Some apps highlight when a person is online — and then share that information with their followers. When a user logs in to a website or app that uses online status indicators, a little green (or orange or blue) dot pops up to alert their followers that they’re currently online.
Researchers at the University of Washington wanted to know if people recognize that they are sharing this information and whether these indicators change how people behave online.
After surveying smartphone users, the team found that many people misunderstand online status indicators but still carefully shape their behavior to control how they are displayed to others. More than half of the participants reported that they had suspected that someone had noticed their status. Meanwhile, over half reported logging on to an app just to check someone else’s status. And 43% of participants discussed changing their settings or behavior because they were trying to avoid one specific person.
These results will be published in the Proceedings of the 2020 ACM CHI conference on Human Factors in Computing Systems.
“Online status indicators are an unusual mechanism for broadcasting information about yourself to other people,” said senior author Alexis Hiniker, an assistant professor in the UW Information School. “When people share information by posting or liking something, the user is in control of that broadcast. But online status indicators are sharing information without taking explicit direction from the user. We believe our results are especially intriguing in light of the coronavirus pandemic: With people’s social lives completely online, what is the role of online status indicators?”
People need to be aware of everything they are sharing about themselves online, the researchers said.
“Practicing good online security and privacy hygiene isn’t just a matter of protecting yourself from skilled technical adversaries,” said lead author Camille Cobb, a postdoctoral researcher at Carnegie Mellon University who completed this research as a UW doctoral student in the Paul G. Allen School of Computer Science & Engineering. “It also includes thinking about how your online presence allows you to craft the identities that you want and manage your interpersonal relationships. There are tools to protect you from malware, but you can’t really download something to protect you from your in-laws.”
The team recruited 200 participants ages 19 to 64 through Amazon Mechanical Turk to fill out an online survey. Over 90% of the participants were from the U.S., and almost half of them had completed a bachelor’s degree.
The researchers asked participants to identify apps that they use from a list of 44 that have online status indicators. The team then asked participants if those apps broadcast their online status to their network. Almost 90% of participants correctly identified that at least one of the apps they used had online status indicators. But for at least one app they used, 62.5% answered “not sure” and 35.5% answered “no.” For example, of the 60 people who said they use Google Docs regularly, 40% said it didn’t have online status indicators and 28% were not sure.
Then the researchers asked the participants to time themselves while they located the settings to turn off “appearing online” in each app they used regularly. For the apps that have settings, participants gave up before they found the settings 28% of the time. For apps that don’t have these settings, such as WhatsApp, participants mistakenly thought they had turned the settings off 23% of the time.
“When you put some of these pieces together, you’re seeing that more than a third of the time, people think they’re not broadcasting information that they actually are,” Cobb said. “And then even when they’re told: ‘Please go try and turn this off,’ they’re still not able to find it more than a quarter of the time. Just broadly we’re seeing that people don’t have a lot of control over whether they share this information with their network.”
Finally the team asked participants a series of questions about their own experiences online. These questions touched on whether participants noticed when others were online, if they thought others noticed when they were online and whether they had changed their own behavior because they did or didn’t want to appear online.
“We see this repeated pattern of people adjusting themselves to meet the demands of technology — as opposed to technology adapting to us and meeting our needs,” said co-author Lucy Simko, a UW doctoral student in the Allen School. “That means people are choosing to go online not because they want to do something there but because it’s important that their status indicator is projecting the right thing at the right time.”
Now that most states have put stay-at-home orders in place to try to combat the coronavirus pandemic, many people are working from home and socializing only online. This could change how people use online status indicators, the team says. For example, employees can use their online status to indicate that they are working and available for meetings. Or people can use a family member’s “available” status as an opportunity to check up on them and make sure they are OK.

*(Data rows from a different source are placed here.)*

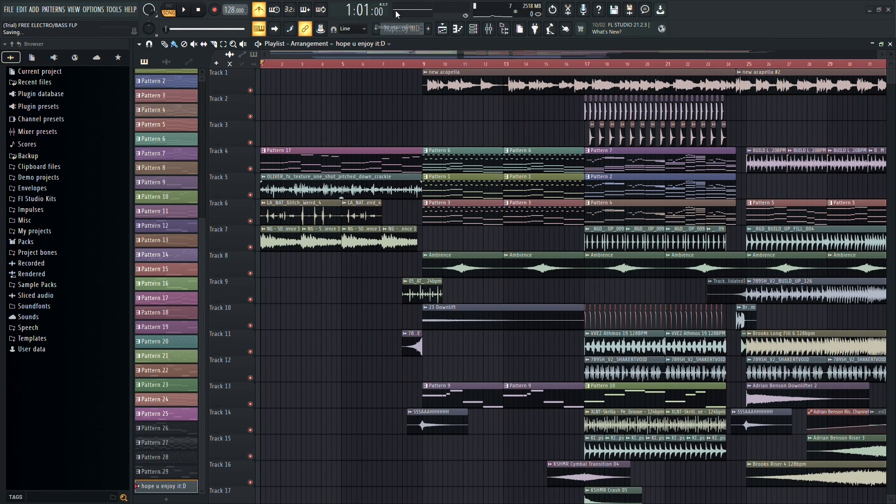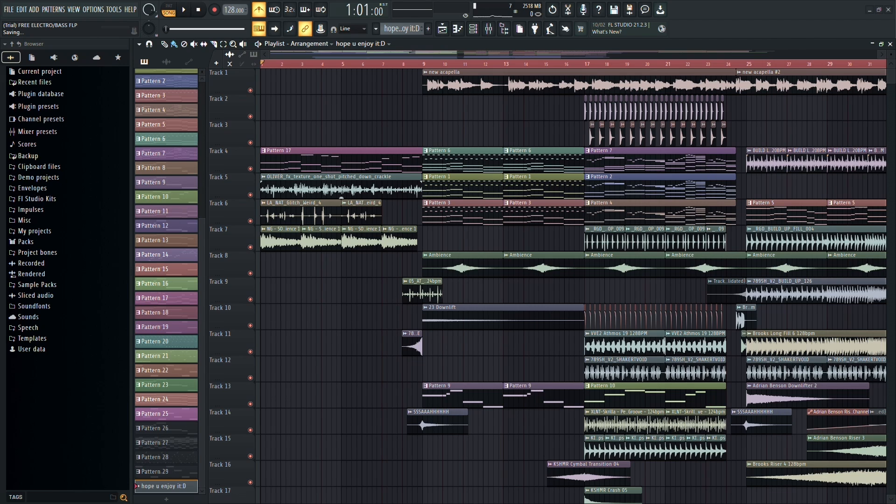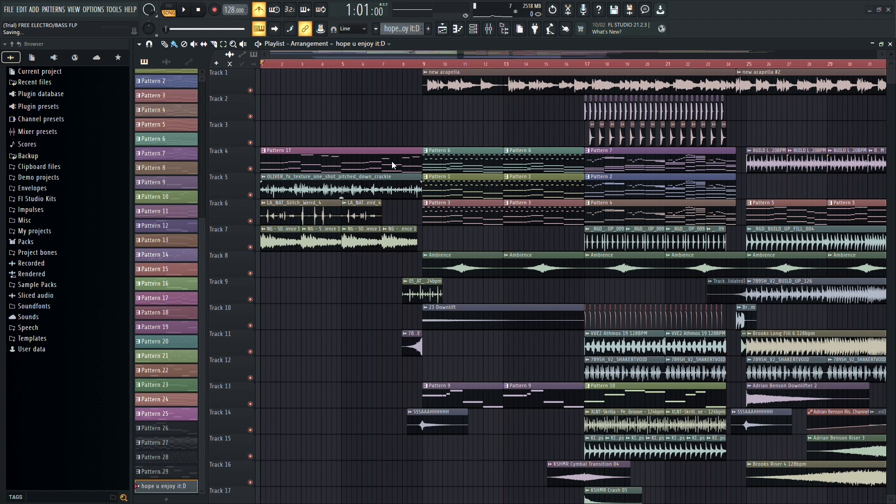And that's it. You've successfully exported your FL Studio project as a zip file. Now, you can easily share it or open it back up in FL Studio whenever you need to. If you're unsure how to open it back up, feel free to check out the video I've uploaded on my channel for a step-by-step guide.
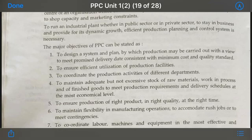The second objective is to ensure efficient and effective utilization of production facilities — PPC helps you achieve this. The third objective is to coordinate the production activities of different departments. When there are many different departments in the industry with no communication, there is misunderstanding, lack of communication, and errors. PPC creates a system with good information flow between departments to reduce these errors.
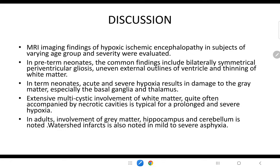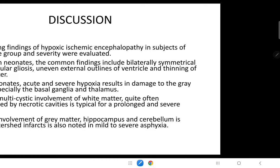Discussion. MRI findings of HIE in subjects of varying age group and severity were evaluated. In preterm neonates, common findings include bilateral symmetrical periventricular gliosis and thinning of white matter. In term neonates, acute and severe hypoxia results in damage to the basal ganglia and thalamus, with multicystic white matter involvement typical of prolonged severe hypoxia. In adults, involvement of grey matter, hippocampus, and cerebellum is noted, and watershed infarcts are seen in mild to severe asphyxia cases.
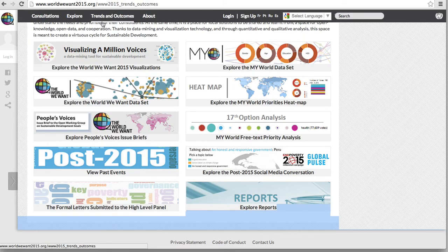Thank you so much for watching our exploration today of the Trends and Outcomes page. We hope to hear your voice soon on the World We Want.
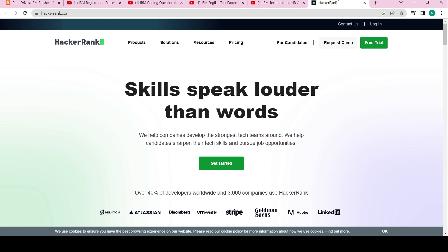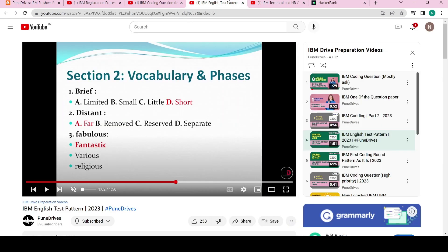You'll understand the pattern — how to write the solution, how you will get the test cases — everything you will get there. That is the reason you can go to HackerRank, solve any problem, and it will be easy to crack. Second is the English test.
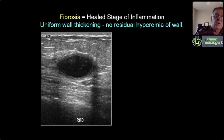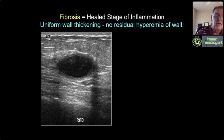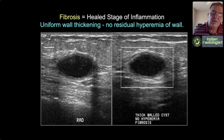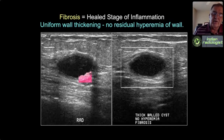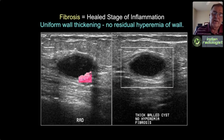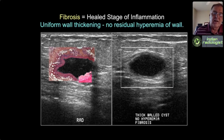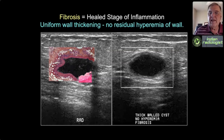Sometimes you'll get a cyst that's not acutely inflamed but has uniform isoechoic wall thickening—it's indistinguishable from an acutely inflamed cyst because it represents the healed phase. When an acutely inflamed cyst heals, it heals with fibrosis. When acutely inflamed, foamy macrophages or lymphocytes in the pericystic area create isoechoic wall thickening; when healed, it's fibrosis that creates it. These cysts won't be tender and won't have hyperemia when they're just thick-walled fibrotic cysts.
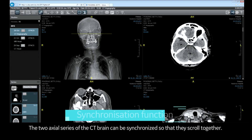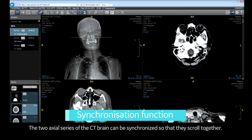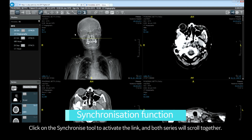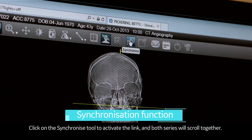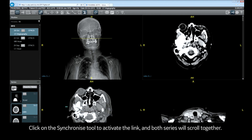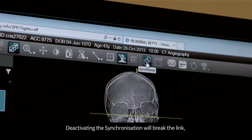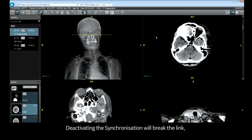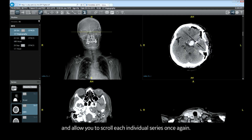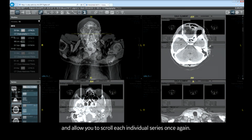The two axial series on the CT brain can be synchronized so they scroll together. Click on the synchronize tool to activate the link and both series will scroll together. Deactivating the synchronization will break the link and allow you to scroll each individual series once again.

“Right now, when a lot of people are working remotely, I think there’s an opportunity to think about how future evolutions of this technology can help create a sense of community,” Cobb said. “For example, in the real world, you can have your door cracked open and that means ‘interrupt me if you have to,’ you can have it wide open to say ‘come on in’ or you can have your door closed and you theoretically won’t get disturbed. That kind of nuance is not really available in online status indicators. But we need to have a sense of balance — to create community in a way that doesn’t compromise people’s privacy, share people’s statuses when they don’t want to or allow their statuses to be abused.”